Arthritis is an inflammation of the joints which can be caused by a wide variety of things. It is one of the leading causes of mobility issues for people over 50, and it is widespread across all cultures and classes. Arthritis is also ancient: evidence of this condition has even been uncovered in dinosaurs, suggesting that this joint condition is natural, caused simply by wear and tear on the joints as someone (or some creature) ages.
The major feature of arthritis is pain, which can sometimes be severe. The condition may also be accompanied by swelling, tenderness, clubbing around the joint, and stiffness. Sufferers often have trouble moving joints affected by the condition, making it hard for them to move or to use their hands.
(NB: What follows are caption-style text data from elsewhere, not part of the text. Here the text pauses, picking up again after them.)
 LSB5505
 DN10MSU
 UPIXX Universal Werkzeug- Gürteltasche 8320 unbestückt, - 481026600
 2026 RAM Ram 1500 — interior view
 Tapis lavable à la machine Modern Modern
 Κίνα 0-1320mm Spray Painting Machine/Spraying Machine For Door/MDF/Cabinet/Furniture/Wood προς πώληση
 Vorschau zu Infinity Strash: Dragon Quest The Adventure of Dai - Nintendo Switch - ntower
As many people who have been around the elderly have noted, arthritis often strikes the hands, because the joints in the hands are heavily used throughout one's life, and very old people sometimes have gnarled, clubbed fingers as a result of repeated bouts with it.
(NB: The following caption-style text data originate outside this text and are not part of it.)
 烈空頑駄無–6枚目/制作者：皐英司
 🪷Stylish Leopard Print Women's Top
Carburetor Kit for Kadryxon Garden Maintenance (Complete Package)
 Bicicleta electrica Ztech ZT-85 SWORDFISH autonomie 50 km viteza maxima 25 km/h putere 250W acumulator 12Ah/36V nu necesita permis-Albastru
One of the most common causes of this condition is degeneration, which can be caused by disease or the natural aging process. Other causes include infection and trauma, especially repeated trauma, and some people develop arthritis due to metabolic changes. It can also flare up in concert with another disease; for example, gout is often linked with arthritis, because the uric acid crystals associated with gout can end up in any joint, not just the big toe.
Some common forms include osteoarthritis, caused by degenerative disease; inflammatory arthritis, caused by inflammation around the joint; septic arthritis, caused by bacterial infection either at the joint or somewhere else in the body; juvenile arthritis, which appears in children and young adults; and rheumatoid arthritis, caused by immune system attacks to the lining of the joints.
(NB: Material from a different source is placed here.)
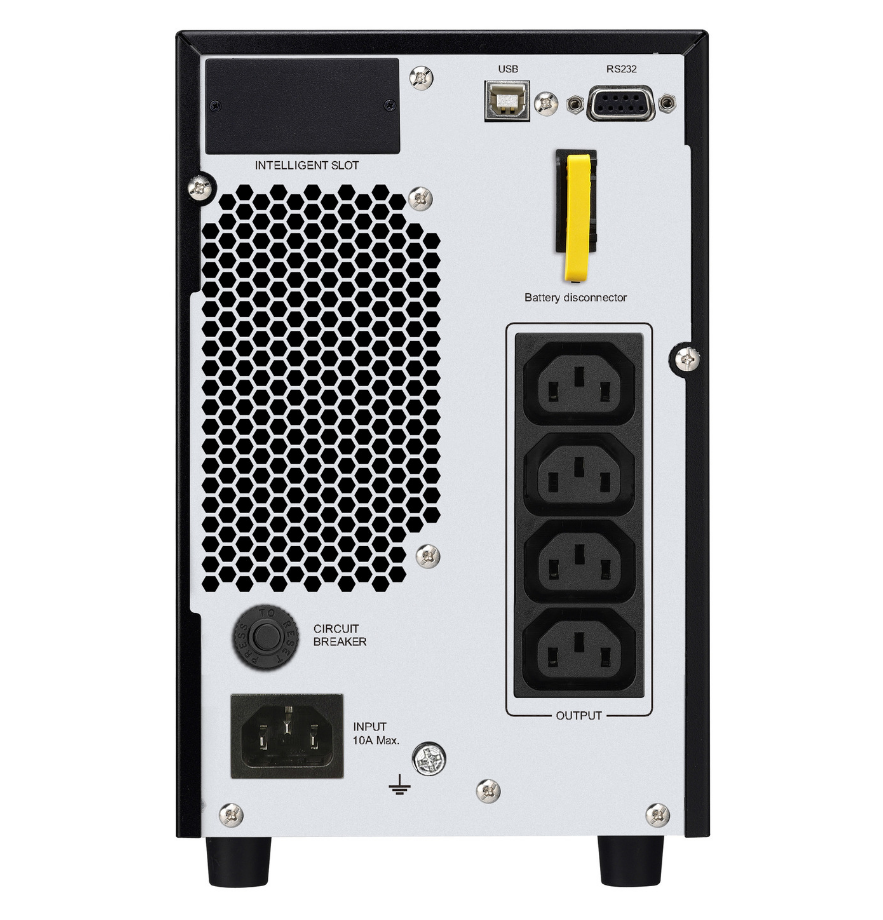 UPS APC/Easy UPS On-Line SRV 2000VA 230V/EASY/2 000 VА/1 600 W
There is no cure for this condition, but steps can be taken to treat the symptoms and the underlying problems which may cause it. Various exercises can be used to gently stretch and strengthen the joints, as recommended by a physical therapist, and some medications may be used to bring down the inflammation and treat the pain. If the arthritis is being caused by an underlying health problem, treatment for that condition may help to resolve it; many people also use medicated soaks, massage, and other complementary treatments to deal with the pain and swelling.